# Love it or hate it?



## Pete2005 (Oct 1, 2005)

The Bullring Birmingham - The Selfridges building
Some love it - some hate it. What do you think?

Artist impression








































































----------------------------------------


----------



## Taller Better (Aug 27, 2005)

Ummm.... I am going to wait and see how it looks when completed. 
Don't want to offend anyone, but right now I am not loving it...
I am seeing it as trying too hard to be novel.


----------



## Pete2005 (Oct 1, 2005)

No its finished, i just used the artist impression to show the size.

All the rest are recent pictures.


----------



## Javi (Mar 18, 2005)

It´s good but in my opinion is in a wrong place


----------



## Pete2005 (Oct 1, 2005)

Javi said:


> It´s good but in my opinion is in a wrong place


Intresting. What do you mean wrong place?


----------



## HT (May 6, 2004)

I love it , but i really dislike the yellow elements .


----------



## ishtefh_03 (Nov 11, 2005)

Pete2005 said:


> Intresting. What do you mean wrong place?


maybe because its near a church that looks old... just look in the picture...


----------



## ishtefh_03 (Nov 11, 2005)

what it is made of anyway???


----------



## chenlu (Dec 16, 2003)

I especially love its soft, flowing form 
and the circles kind of enforces this feeling of comfort


----------



## dewback (Jun 28, 2005)

HT said:


> I love it , but i really dislike the yellow elements .

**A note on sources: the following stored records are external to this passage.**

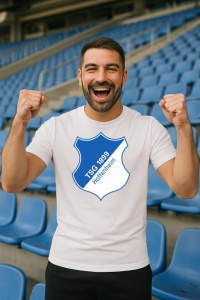 Tricou barbat cu logo stema TSG Hoffenheim Germania , din bumbac 100%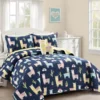 Navy & Pastel Llama Cactus Twin 3-Piece Quilt Set -Northlight Sales Store 810553046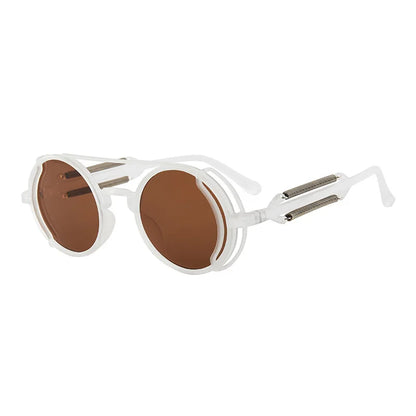 Retro Round Steampunk Mirror Sunglasses – Vintage Gothic Fashion Eyewear
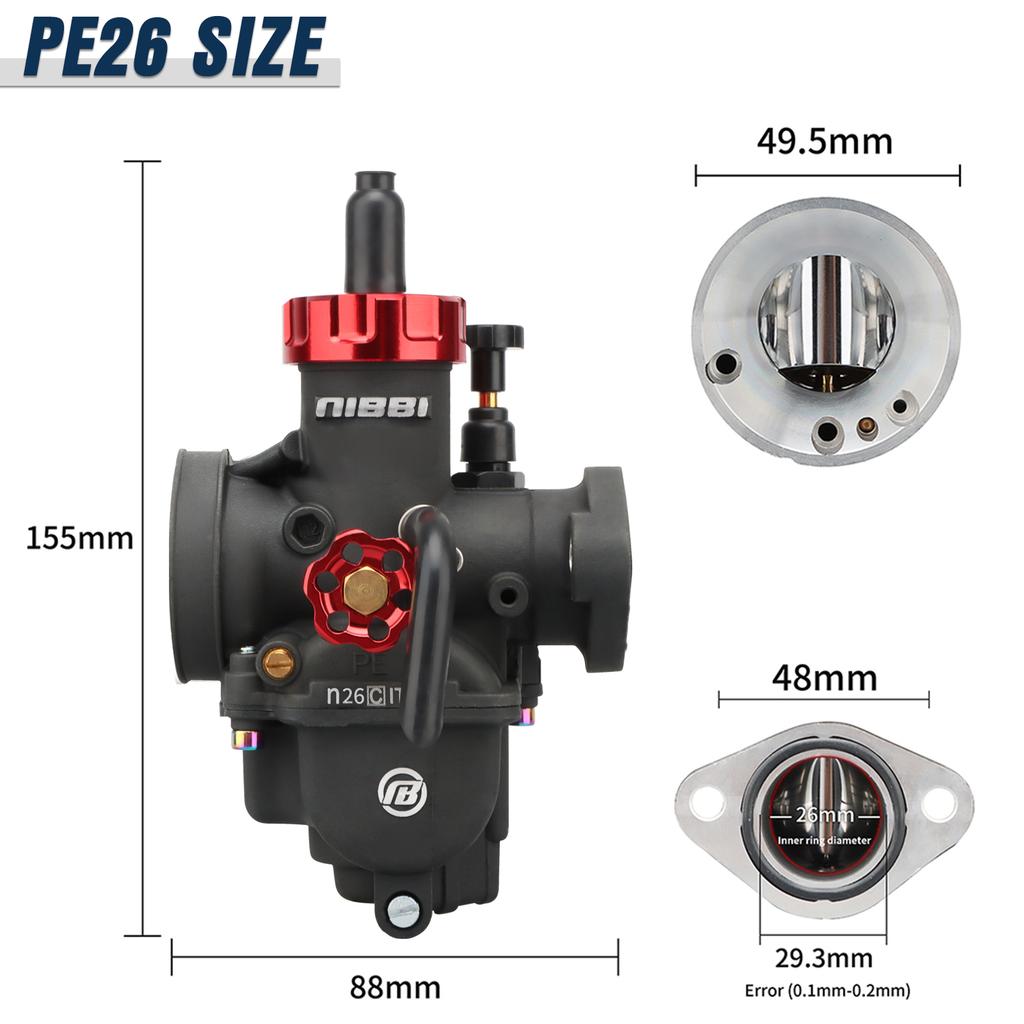 NIBBI Carburetor For 50cc To 350cc 2T 4T Engine PE Flange Motorcycle Carburetors For GY6 YAMAHA JOG SUZUKI HONDA Atv Pitbike
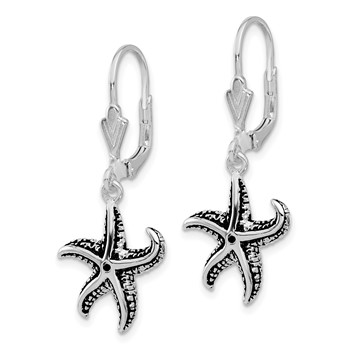 Sterling Silver Rhodium-plated Oxidized Starfish Dangle Leverback Earrings — alternate view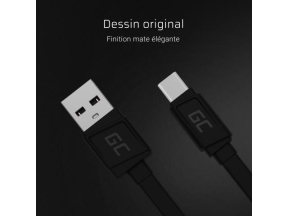 Green Cell Cable GCmatte USB-C Flat cable 25 cm with fast charging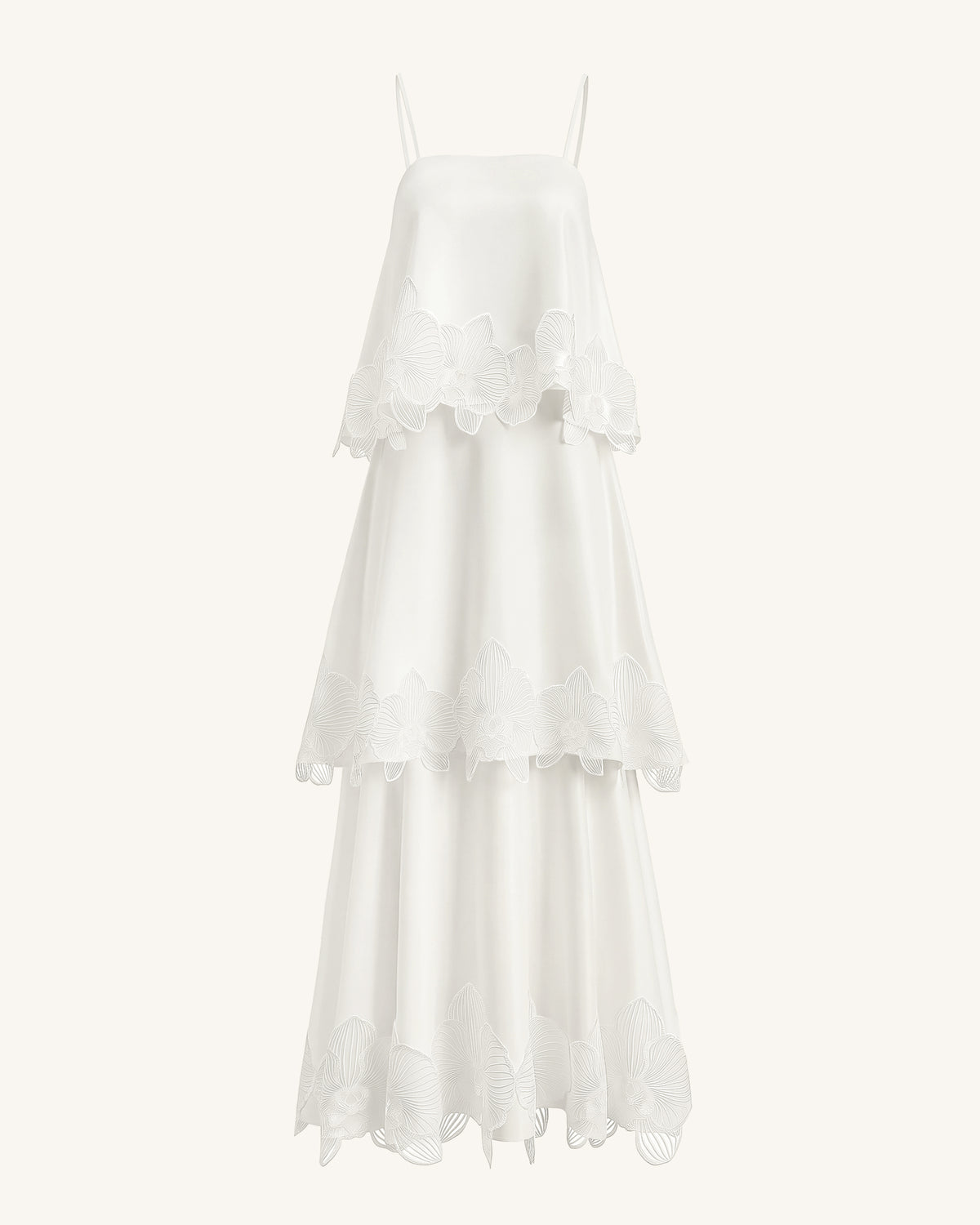 Orchid Embroidered Tiered Maxi Dress - White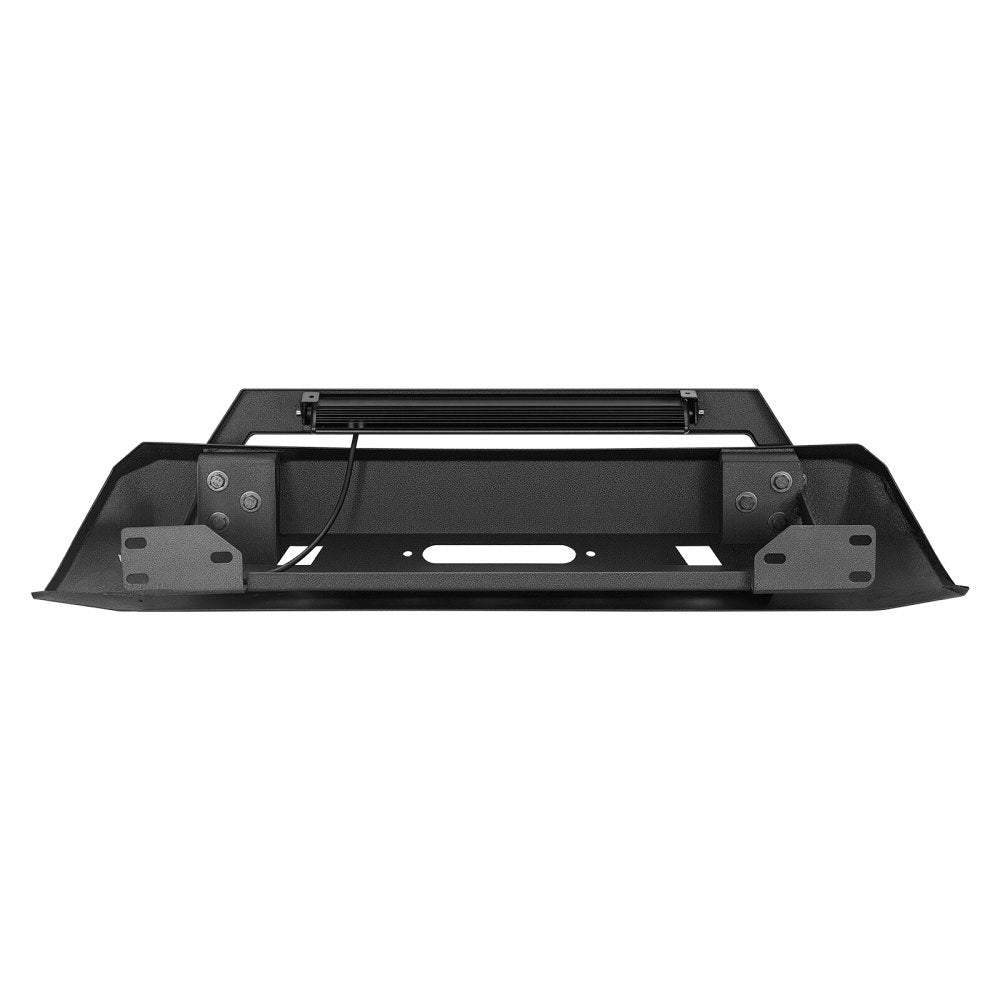 VEVOR Front Bumper Compatible with 2016-2023 Toyota Tacoma (Excluding Tacoma TRD/Tacoma TRD Sport), Pickup Truck Bumper with LED Light Bar, Winch Plate & D-Rings Mounts, Heavy-Duty Steel Front Bumper with E-Coating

I share your point of view, those yellow things are annoying.


----------



## mr_storms (Oct 29, 2005)

as has been said before I like it but it is out of place (and ^^ those yellow things are ugly)


----------



## ishtefh_03 (Nov 11, 2005)

it looks good at night, i like the effect of the lights...


----------



## satit28 (Mar 9, 2005)

great design............
but next by the church???.................
no!!.............


----------



## ishtefh_03 (Nov 11, 2005)

satit28 said:


> great design............
> but next by the church???.................
> no!!.............


just like what i said...


----------



## Pete2005 (Oct 1, 2005)

i think it looks good next to the church - old and new.

















]


----------



## mac71 (Dec 14, 2005)

I think it looks Ok. It surely has a really unique design.


----------



## Tazmaniadevil (Dec 23, 2003)

To me, it's ugly. But I don't hate it.


----------



## CrazyCanuck (Oct 9, 2004)

Very futurisitic, I love it.


----------



## cristianocani (Oct 21, 2004)

A good project by Future Systems architects!


----------



## cphdude (Apr 18, 2004)

hate it....


----------



## ladolcevita (Aug 11, 2005)

I actually doesn't care that much, it does look stand out though.


----------



## petey (Nov 10, 2004)

love it


----------



## MetroGuardian (Dec 20, 2004)

amazing piece of architecture


----------



## I-275westcoastfl (Feb 15, 2005)

Its ugly


----------



## Grollo (Sep 11, 2002)

Futurama!


----------



## kroteeni (Nov 20, 2005)

No I don't like it. It's misplaced. I am not sure if that architecture is good looking anywhere but next a golf court with smooth organic hills it would look alot better. Old churches and that don't mix well


----------



## charmcity7 (Dec 4, 2005)

Pete2005 said:


> No its finished, i just used the artist impression to show the size.
> 
> All the rest are recent pictures.


Is it SUPPOSED to look like Moby Dick?  
Im not sure what to think. Id like to see it in person.


----------



## Pete2005 (Oct 1, 2005)

Oh yeh! I can see what you mean. I have never noticed that before!


----------



## Prestonian (Sep 11, 2002)

I love it, for me its interior is one of its best features, its a remarkable shop inside. I generally love the contrast between the old and new with regard to this building. It certainly dominates the skyline from certain viewpoints.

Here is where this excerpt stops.